Additional features that are seen in significant numbers of patients with Dravet syndrome may include sensory integration disorders and other autism spectrum characteristics, orthopedic or movement disorders, frequent or chronic upper respiratory and ear infections, sleep disturbance, dysautonomia, and problems with growth and nutrition. MORE ABOUT SECONDARY FEATURES
 

GENETICS

The sodium channel gene SCN1A is currently the most most clinically relevant gene found to cause epilepsy and is a known contributor to a significant percentage (approximately 50-80%) of cases of Dravet syndrome. Researchers have documented many different mutations of the SCN1A gene, however the majority of them do not result in Dravet syndrome. SCN1A mutations most often lead to milder forms of epilepsy, including Generalized Epilepsy with Febrile Seizures (GEFS), Generalized Epilepsy with Febrile Seizures Plus (GEFS+), Intractable Childhood Epilepsy with Generalized Tonic-Clonic Seizures (ICEGTC), and Severe Myoclonic Epilepsy, Borderline (SMEB). Dravet syndrome is generally considered to be the severe end of a broad spectrum of SCN1A-related epilepsies.
                                                                                                                         
GEFS -------------- GEFS+ ----------- ICEGTC ------------ SMEB -------------- SMEI/Dravet syndrome

Mutations of the SCN1A gene have an autosomal dominant inheritance pattern, meaning that they can be passed from parent to child. However, in Dravet syndrome, although at least one-fourth of the affected individuals have some history of febrile seizures or epilepsy in their extended family, the gene mutation nearly always arises “de novo”, or new to the individual, meaning that neither parent tests positive for the gene mutation and it is thought to have occurred spontaneously after conception. Modifying genes and environmental factors likely play an important role in determining the severity of the resulting condition. Other genes have also recently been implicated in Dravet syndrome, including SCN9A and PCDH19. Much remains to be understood about the causes of Dravet syndrome and research is ongoing. FIND A GENETIC TESTING FACILITY

 

TREATMENT

At this time, the treatments available for Dravet syndrome are focused on improving symptoms, primarily anticonvulsant medications to control seizures.

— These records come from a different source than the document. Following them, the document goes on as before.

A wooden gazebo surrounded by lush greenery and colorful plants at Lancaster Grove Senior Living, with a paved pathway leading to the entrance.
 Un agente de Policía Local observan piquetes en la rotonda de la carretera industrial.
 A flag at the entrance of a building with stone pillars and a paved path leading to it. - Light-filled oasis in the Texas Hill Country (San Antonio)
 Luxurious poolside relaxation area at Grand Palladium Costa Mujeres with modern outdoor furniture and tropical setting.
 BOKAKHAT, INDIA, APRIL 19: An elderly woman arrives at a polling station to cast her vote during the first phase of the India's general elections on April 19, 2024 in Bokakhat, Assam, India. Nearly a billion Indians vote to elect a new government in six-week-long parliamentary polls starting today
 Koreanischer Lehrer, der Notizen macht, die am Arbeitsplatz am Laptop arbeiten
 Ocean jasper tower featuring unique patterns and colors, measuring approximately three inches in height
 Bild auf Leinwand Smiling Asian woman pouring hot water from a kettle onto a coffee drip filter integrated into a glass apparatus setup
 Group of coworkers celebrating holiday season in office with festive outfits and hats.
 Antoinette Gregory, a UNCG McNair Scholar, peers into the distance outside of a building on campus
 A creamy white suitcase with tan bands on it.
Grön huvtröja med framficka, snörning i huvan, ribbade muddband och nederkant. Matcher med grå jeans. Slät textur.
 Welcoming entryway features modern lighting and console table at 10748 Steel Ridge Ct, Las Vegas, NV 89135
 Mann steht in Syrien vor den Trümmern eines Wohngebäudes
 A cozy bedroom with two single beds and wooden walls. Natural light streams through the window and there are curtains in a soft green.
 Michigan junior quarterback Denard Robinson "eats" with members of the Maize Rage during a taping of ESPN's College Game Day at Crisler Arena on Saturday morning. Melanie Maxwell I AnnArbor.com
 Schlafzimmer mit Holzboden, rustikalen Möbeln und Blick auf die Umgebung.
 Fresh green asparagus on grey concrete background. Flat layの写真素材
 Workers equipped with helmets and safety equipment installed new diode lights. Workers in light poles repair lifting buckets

Response to these medicines is variable, but often seizures persist despite treatment. While certain medications have been found to be generally useful for individuals with Dravet syndrome, others have been quite consistently found to have an aggravating effect. The helpfulness of other anticonvulsant therapies, such as the Ketogenic Diet and vagus nerve stimulation (VNS), are in ongoing evaluation. Once again, results tend to be highly variable from person to person.
 
Early implementation of global therapies is essential to support optimal development. Patients with Dravet syndrome should receive physical, occupational, speech, and social/play therapies and an enriched environment is encouraged. Treatments to address orthopedic, sleep, autonomic, immune and growth problems may be important considerations. MORE ABOUT CARE AND TREATMENT
 

OUTCOMES

Outcomes, once again, tend to be variable. For many individuals, the progression of Dravet syndrome begins to stabilize after the age of four. Partial and myoclonic seizures may attenuate, and in some cases disappear. Convulsive seizures, though their frequency and intensity may moderate, usually persist, often occurring during sleep. Fever continues to provoke seizures and can still lead to status epilepticus. Communication, motor, and cognitive function stabilize, but significant delays remain to varying degrees. Despite being at increased risk for accidents, infection, status epilepticus, and Sudden Unexplained Death in Epilepsy (SUDEP), an individual with Dravet syndrome has an 85% chance of surviving into adulthood. Because this disorder is rare and has relatively recently been identified as a distinct syndrome, little is known about long-term prognosis and life expectancy.